Term used in reference to the Portuguese and Spanish soldiers, explorers, and adventurers who brought much of the Americas under the control of the kingdoms of Spain and Portugal from the late 15th century through the 17th century. Meaning literally “the conqueror,” the term “conquistador” referenced the kinship that the Spanish explorers felt with those who had accomplished the reconquista (“reconquest”) of Spain from Muslim Moorish control in 1492. Many conquistadors were initially poor, as tradition prohibited Spanish noblemen from engaging in manual work. Some were escaping the religious prosecution of the Spanish Inquisition. Areas in the New World that came under Spanish and Portuguese control included Mexico, most of South and Central America, parts of the Caribbean, and much of the present-day United States.

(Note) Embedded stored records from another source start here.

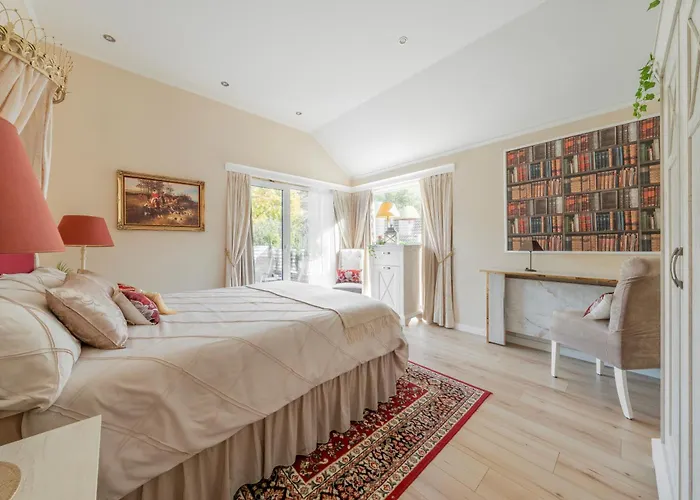 3br Near Luxembourg Airport & *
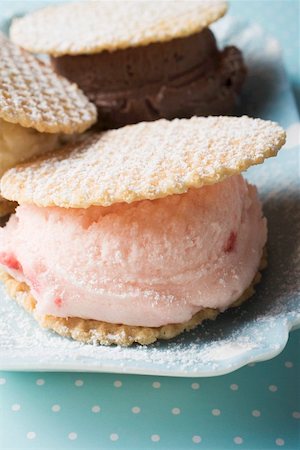 Strawberry, vanilla and chocolate ice cream sandwiches Stock Photo - Premium Royalty-Free, Code: 659-01862471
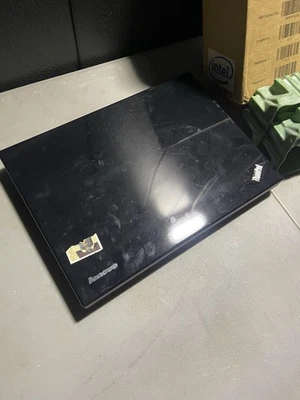 Lenovo ThinkPad SL510 (Modelo 2746-CTO) - Core 2 Duo - 15.6” - Sin probar como está Foto 1 de 4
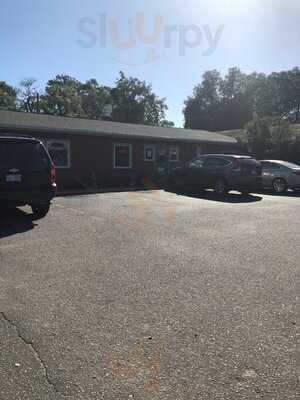 Local's Family Diner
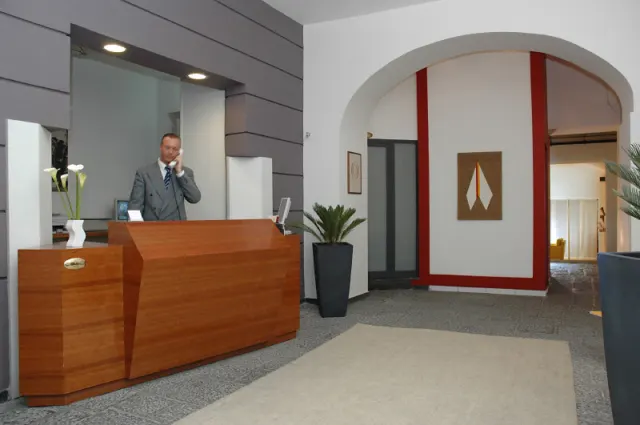Caravaggio Hotel - photo 2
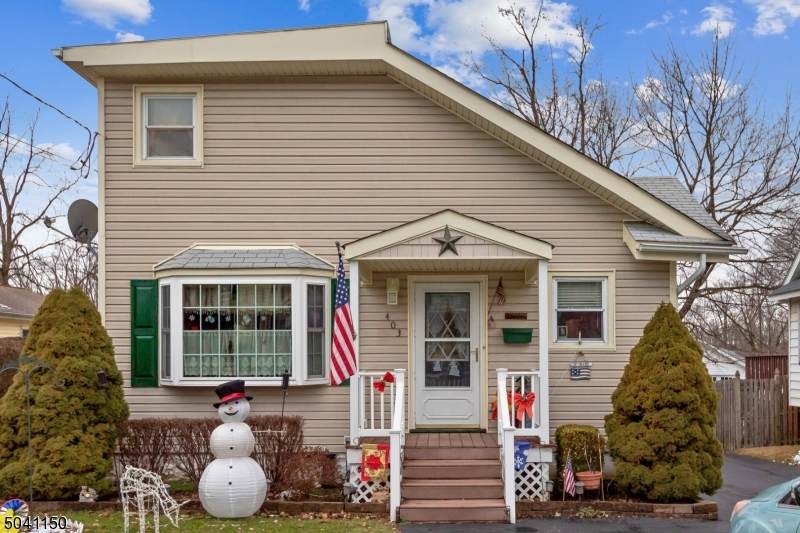 403 Rutherford Ave - Photo 1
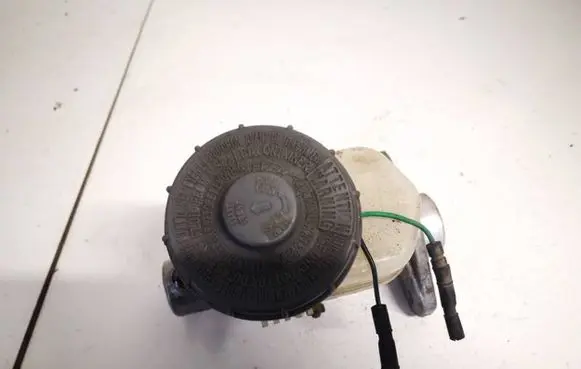 Honda CR-V Brake fluid reservoir 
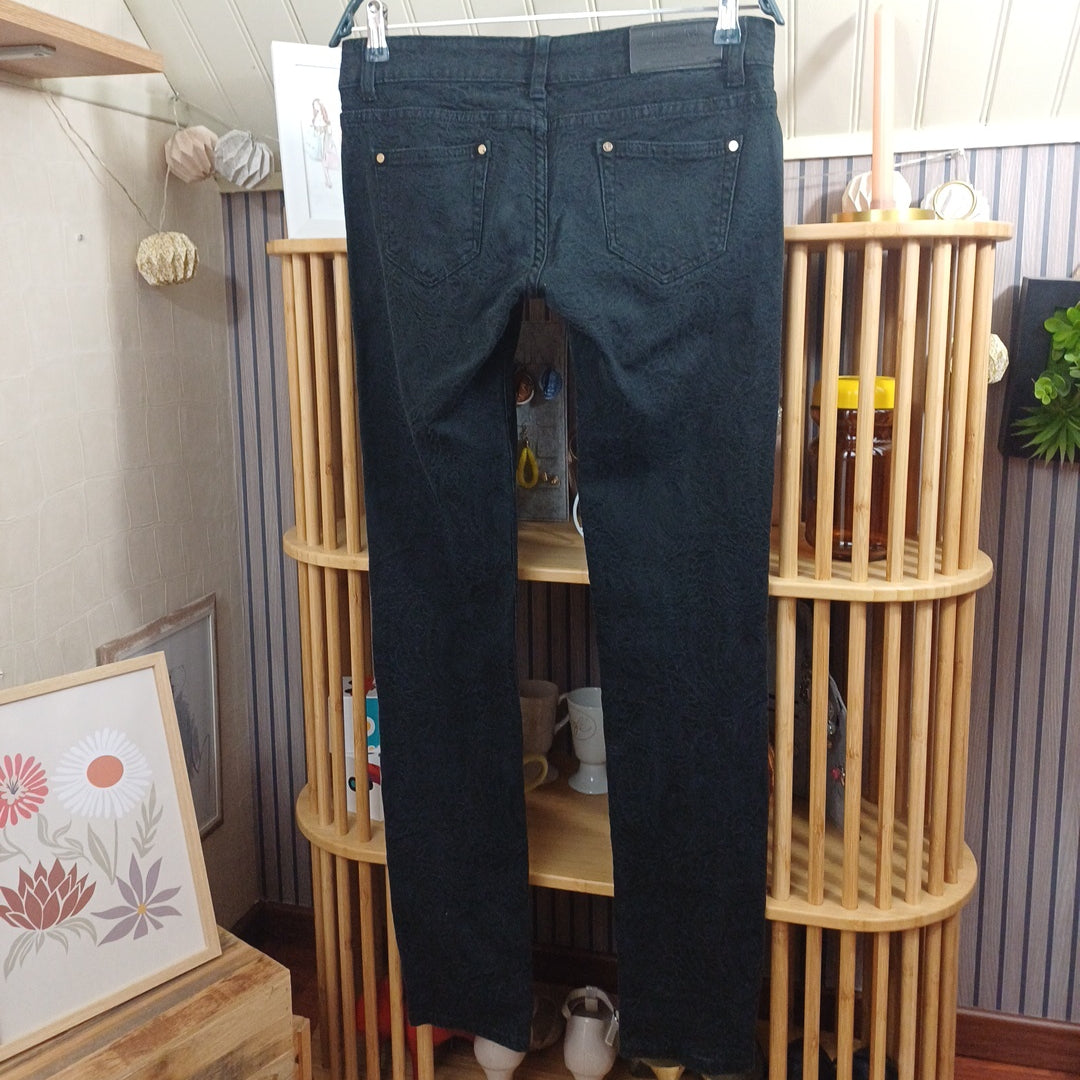 Jean noir effet dentelle, Miss RJ, taille indiquée 40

The Spanish and Portuguese fought for control over these new colonies. This rivalry was finally settled under papal arbitration in the Treaty of Tordesillas of 1494. This treaty divided the territory conquered outside of Europe between the Spanish Crown and the Portuguese along a north-south meridian running 1,100 miles west of the Cape Verde Islands off the west coast of Africa. The territory to the east would belong to Portugal, and the land to the west would belong to Spain. In 1506 Pope Julius II officially sanctioned this division. This opened the way for Spanish exploration and colonization in the New World except for Brazil, most of which fell under Portuguese dominion.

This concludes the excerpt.